Il germanio è l’altro elemento su cui la Cina intende imporre delle restrizioni all’esportazione. Oggi il germanio viene estratto come sottoprodotto dello zinco e dalle ceneri di carbone. Si stima che il 75% della produzione mondiale di germanio provenga da minerali di zinco, la cui disponibilità non desta preoccupazioni. A conferma di ciò l’UE ottiene il 51% del germanio per la sua industria dalla Finlandia, che detiene il 10% della produzione mondiale mentre il restante viene importato principalmente dalla Cina.
Non da oggi, la Cina, ha adottato numerose misure che hanno portato a un calo significativo delle esportazioni di germanio e dei suoi prodotti, ad esempio applicando una tassa del 5% sull’esportazione dell’ossido di germanio per tutto il periodo 2012-2016. Analoga misura è stata presa dalla Russia che impone una tassa del 6,5%, sull’esportazione di rifiuti e rottami di germanio.
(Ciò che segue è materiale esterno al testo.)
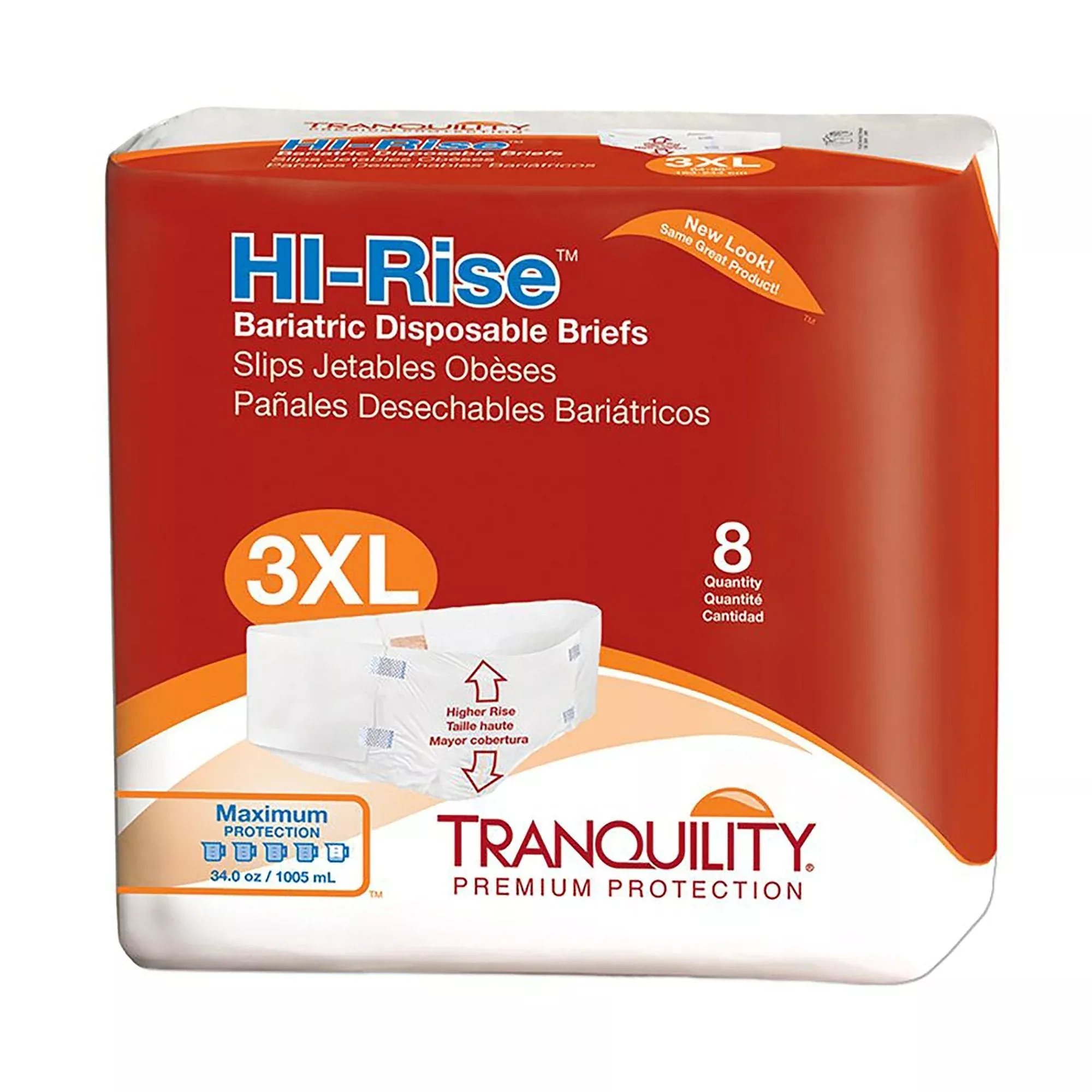 Tranquility HI-Rise™ Maximum Absorbency Bariatric Incontinence Brief, 8 ct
Tra gli utilizzi di questo metalloide si segnalano i rilevatori a cristallo singolo che possono identificare con precisione le sorgenti di radiazioni, si pensi alla sicurezza aeroportuale ma non solo. Il germanio di elevata purezza è utilizzato nei sistemi di visione notturna e per specifiche applicazioni nei sistemi radar e negli spettroscopi a infrarossi.
La Cina produce la maggior parte di queste materie prime, ma bloccare le esportazioni significherebbe anche perdere profitti e costringere il resto del mondo a trovare fonti alternative. Anzi il conseguente aumento dei prezzi verrebbe visto, da molti paesi, come un acceleratore per ridurre la loro dipendenza dalla fornitura cinese di queste materie prime critiche. Nel settore dei semiconduttori l’effetto delle restrizioni sarebbe un aumento del prezzo, ma tutto sommato non così doloroso per il resto del mondo come gli effetti delle misure occidentali sulla Cina.
Infatti proprio Xi Jinping qualche giorno, al vertice dell’Organizzazione per la cooperazione di Shanghai, fa ha lanciato un appello per “un funzionamento stabile e regolare delle catene industriali e di approvvigionamento regionali“. Nel frattempo i “falchi” del regime dipingevano le restrizioni alle esportazioni come “modo pratico” per dire agli Stati Uniti e ai loro alleati che i loro sforzi per frenare l’approvvigionamento del Dragone di tecnologie più avanzate sono un “errore di calcolo“.
Le macchine che producono semiconduttori sono tra i dispositivi più complicati prodotti dagli esseri umani e sfidano il reverse engineering, rendendo difficile per la Cina sviluppare le proprie capacità nazionali se non può ottenere le apparecchiature. Quindi il furto di proprietà intellettuale ed il trasferimento forzato di know-how da società straniere in cambio dell’accesso al mercato interno, attuato da Pechino in questi ultimi vent’anni, questa volta sembra destinato a non avere successo. Inoltre le politiche in atto negli USA per diversificare le catene di approvvigionamento potrebbero far sorgere a Pechino il timore di perdere questa leva in futuro e quindi la necessità di usarla prima di perderla. Ecco, se così fosse, prepariamoci al bando delle esportazioni delle terre rare.